● Data extracts:
- - -
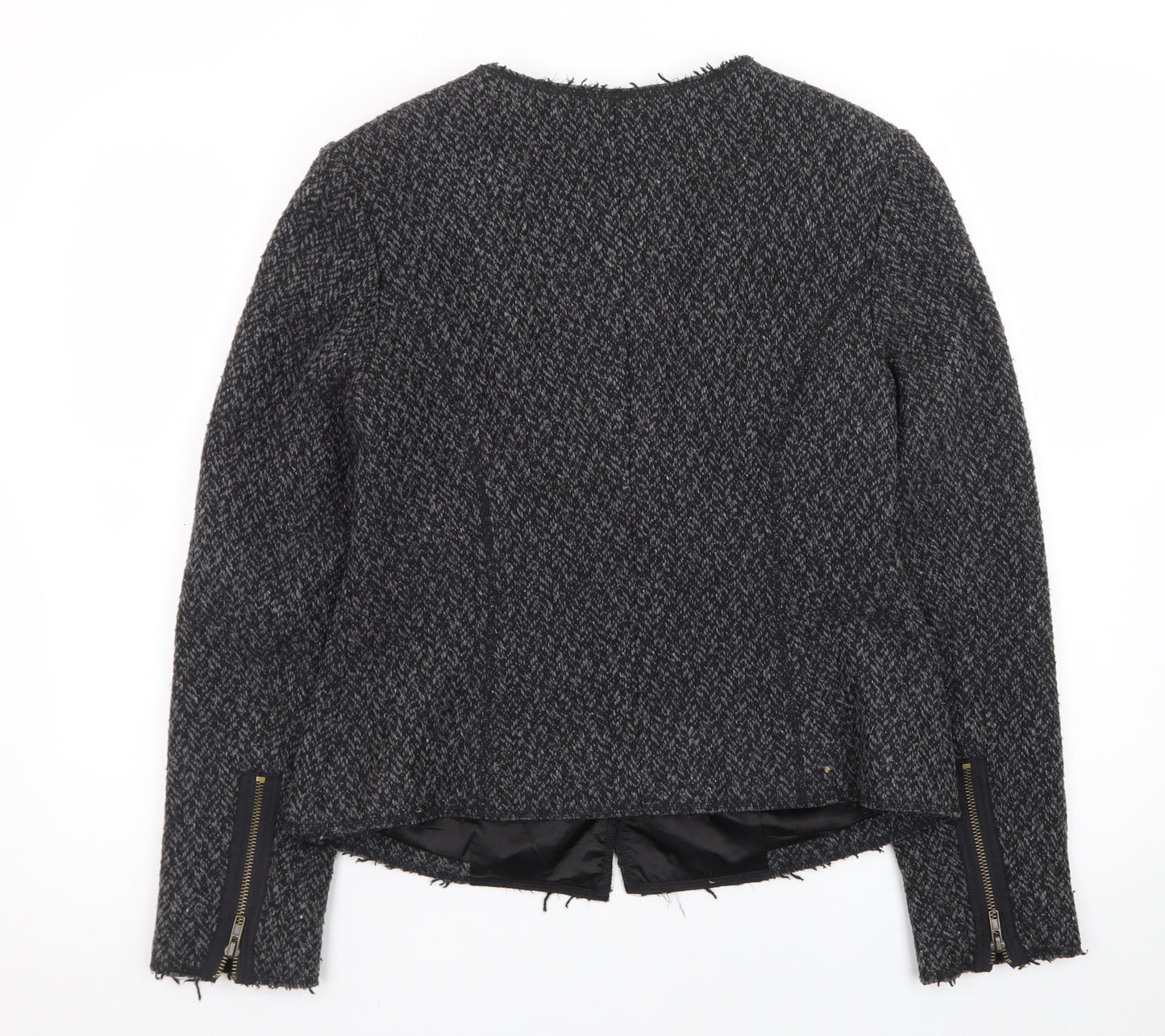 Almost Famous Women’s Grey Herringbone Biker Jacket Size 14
- - -
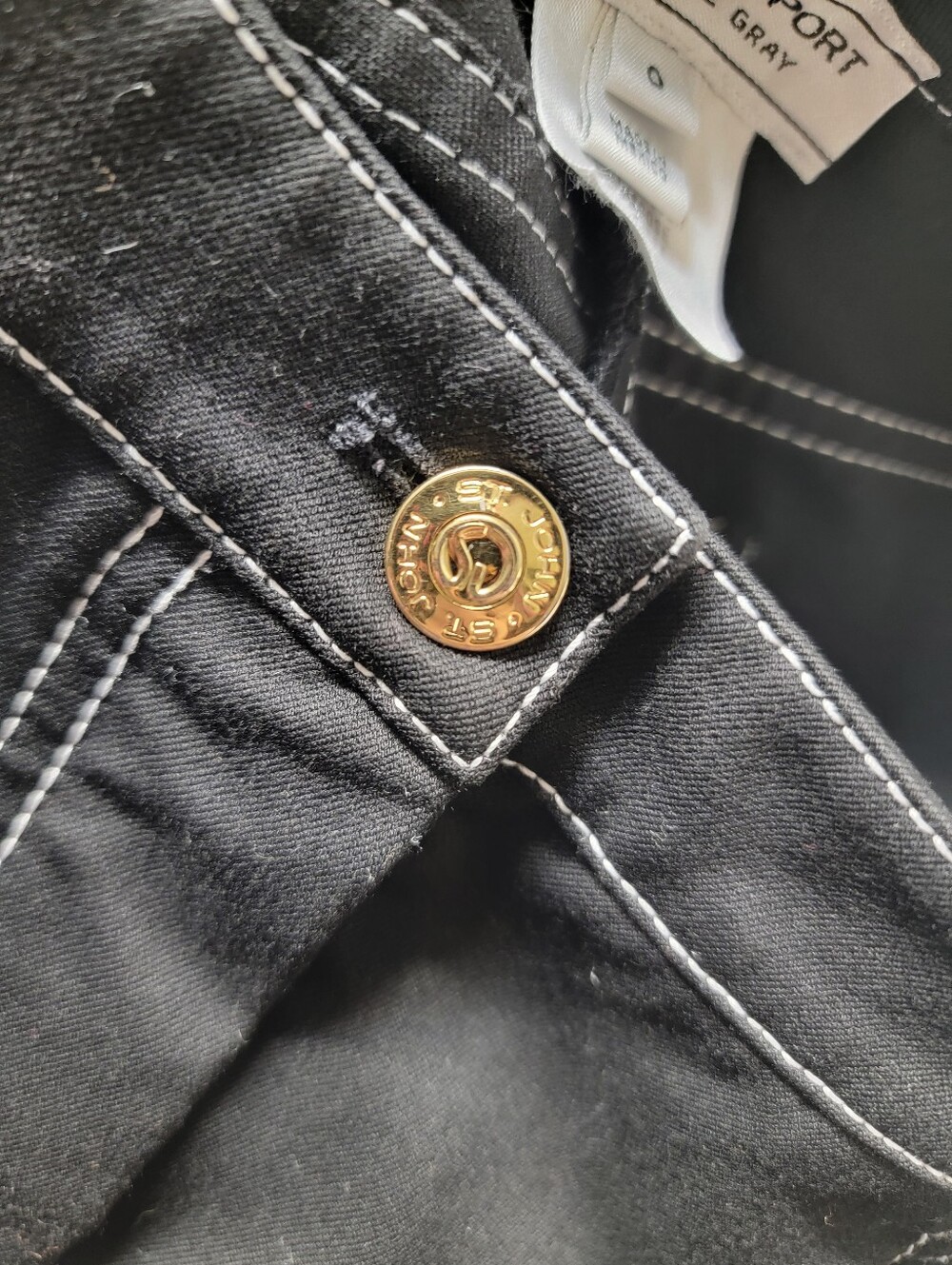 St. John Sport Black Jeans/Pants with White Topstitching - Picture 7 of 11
- - -
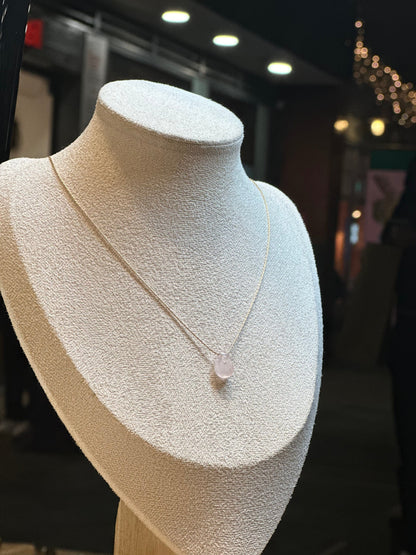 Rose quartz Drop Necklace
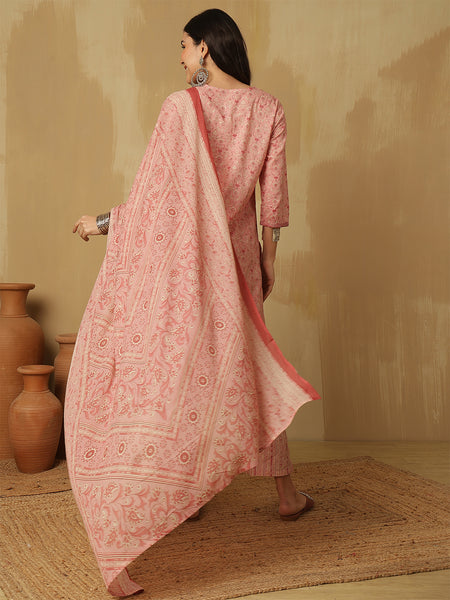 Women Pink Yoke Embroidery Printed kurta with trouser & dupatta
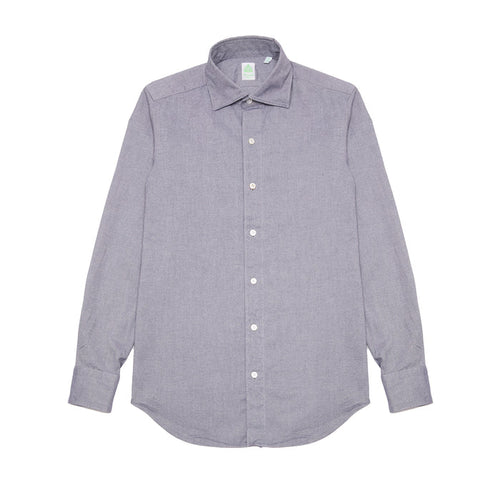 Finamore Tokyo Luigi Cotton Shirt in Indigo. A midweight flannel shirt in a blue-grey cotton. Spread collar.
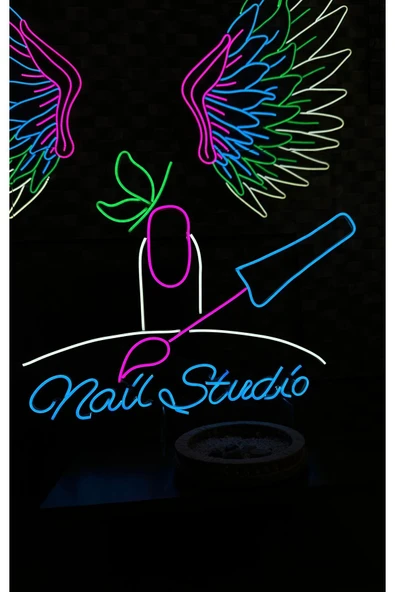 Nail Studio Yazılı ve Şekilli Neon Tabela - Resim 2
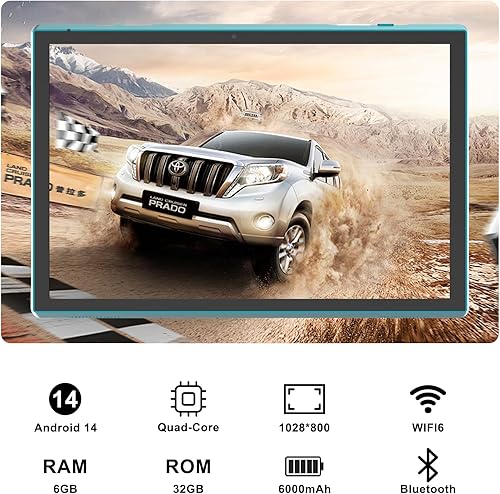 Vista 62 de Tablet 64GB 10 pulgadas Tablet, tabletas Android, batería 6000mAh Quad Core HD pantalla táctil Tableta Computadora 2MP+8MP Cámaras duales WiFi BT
- - -
● Exercise: Look above for the line with "Finamore Tokyo Luigi"; quote it and every line after it, stopping after the line with "Vista 62 de", exactly, with nothing added and without pictures.

● Task answer:
 Finamore Tokyo Luigi Cotton Shirt in Indigo. A midweight flannel shirt in a blue-grey cotton. Spread collar.
 Nail Studio Yazılı ve Şekilli Neon Tabela - Resim 2
 Vista 62 de Tablet 64GB 10 pulgadas Tablet, tabletas Android, batería 6000mAh Quad Core HD pantalla táctil Tableta Computadora 2MP+8MP Cámaras duales WiFi BT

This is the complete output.